There are Three Sisters
- Wireless Weekly 9 Aug 1939
- Genre: drama play
- Running time: 60 mins
- Country of origin: Australia
- Language: English
- Syndicates: ABC
- Written by: Maxwell Dunn
- Original release: 23 February 1939

= There are Three Sisters =

There are Three Sisters is a 1939 Australian radio play by Maxwell Dunn.

Dunn wrote the play on the train from Adelaide to Perth. It was very successful and within a year had been produced eight times in different countries.

The play was produced again in 1940, 1943, 1945 and 1949.

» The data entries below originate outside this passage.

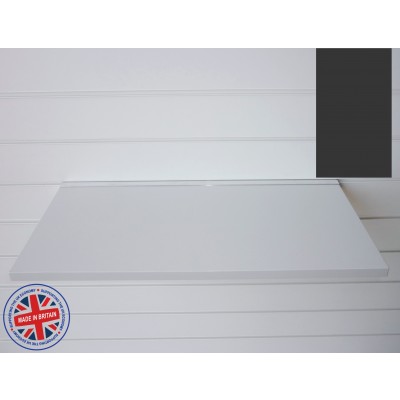 Graphite Grey Wood Shelf / Floating Slatwall Shelf - 1200mm wide x 300mm deep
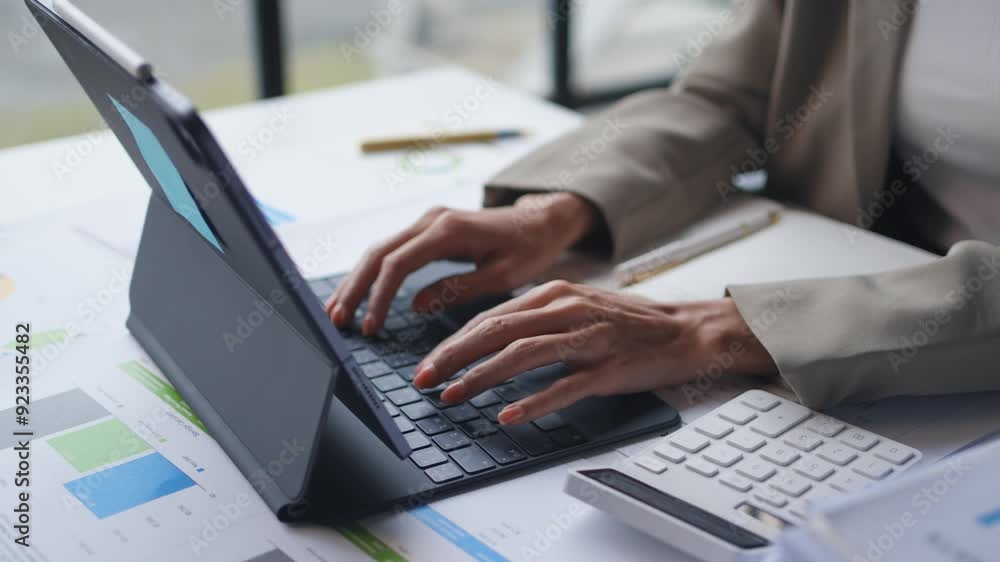 Business professional typing on a tablet keyboard with financial charts on desk. Hands actively working with graphs, data, and documents in modern office environment Business professional typing on a tablet keyboard with financial charts on desk. Hands actively working with graphs, data, and documents in modern office environment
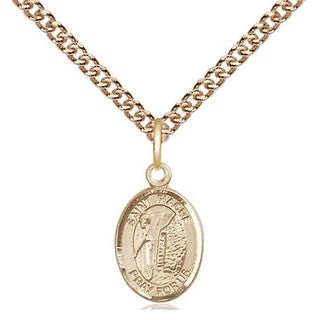 14kt Gold Saint Fiacre Medal Engraved Catholic Saint Jewelry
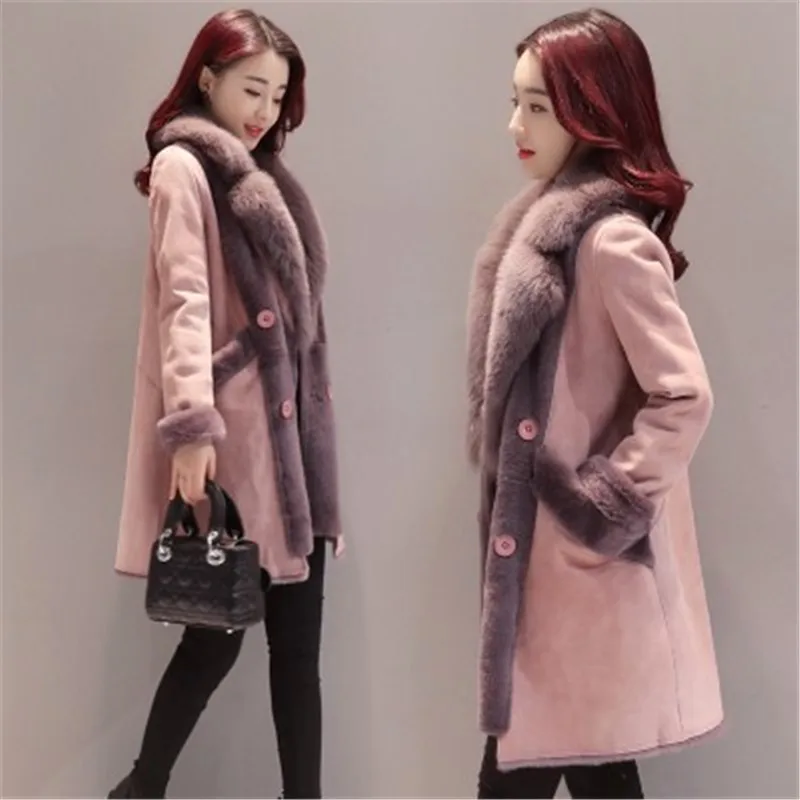 2019 New Winter Suede Trench Coat Women Plus Velvet Thicken Lamb hair Warm Double-breasted Female Elegant Long Outerwear R1056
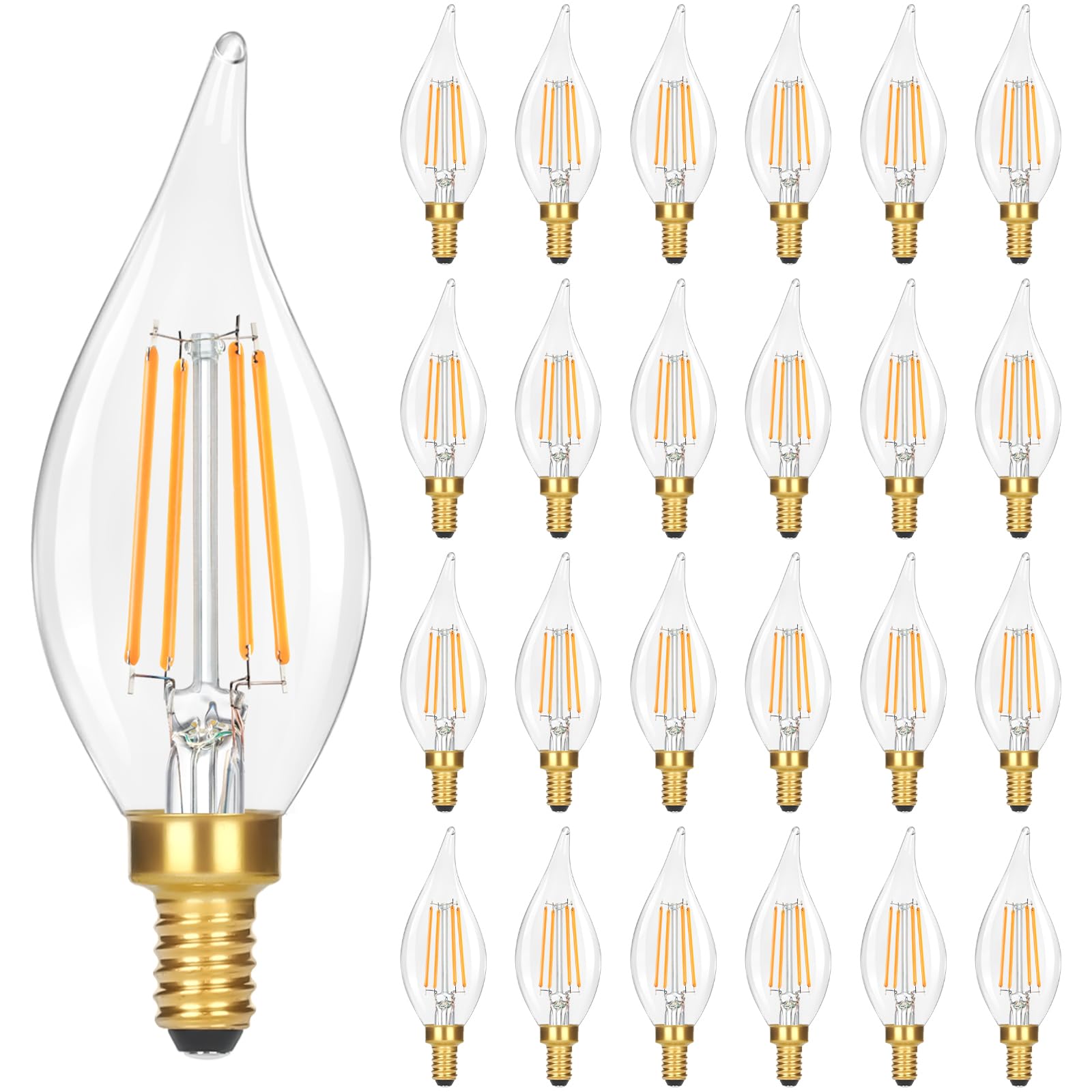 GoBright flame-tip LED candle bulb for elegant chandeliers with dimmable control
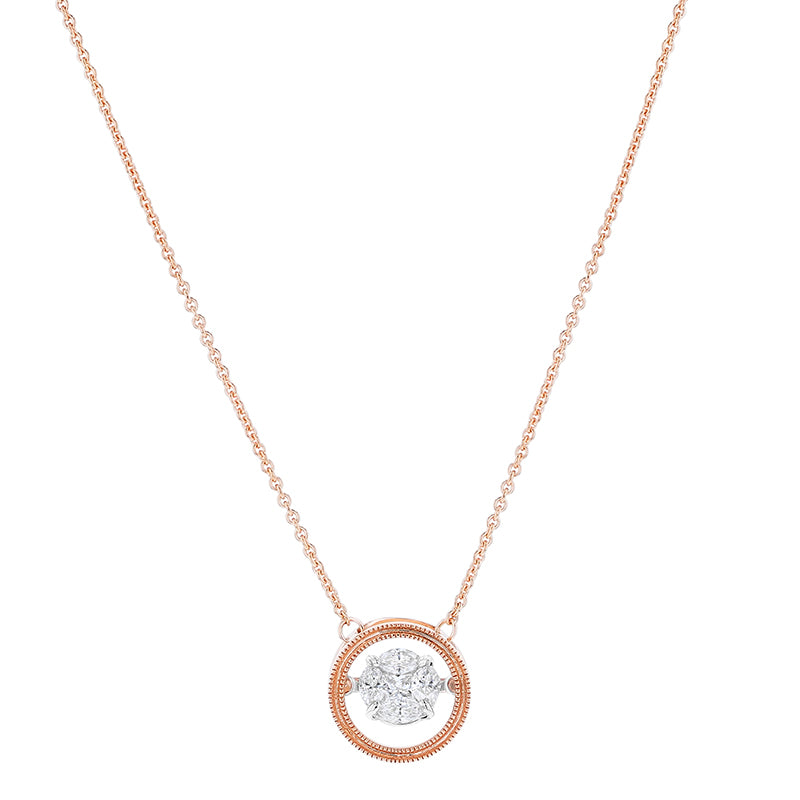 Rumba Dancing Diamond Necklace — on skin, warm light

A critic from Wireless Weekly called it "original" with "nice construction. I particularly admired the well-timed anti-climax... a very interesting play, with...an overdose of explanatory dialogue, the result of the playwright’s anxiety to leave listeners in no doubt as to his characters’ actions. This was evidenced particularly in the dining-car sequences."

==Premise==
According to Wireless Weekly "Mr. Dunn presents nothing less than a theory why some
people die violently in accidents and why others do not. It is a bold and absorbing piece of metaphysical speculation, given through the story of a tragic train journey from Adelaide towards Perth. One by one we meet the occupants of Car 17—a young honeymoon couple, an old lady going to meet her son, a schoolboy, a judge, a doctor, a professional scoundrel, and so on. The crash comes in a highly dramatic moment as most of them are gathered in a sing-song around the train’s lounge room piano; and the Westland express hurtles to destruction in a washaway. Six out of the ten occupants are killed. On what principle does Death select his victims? That is the intriguing question."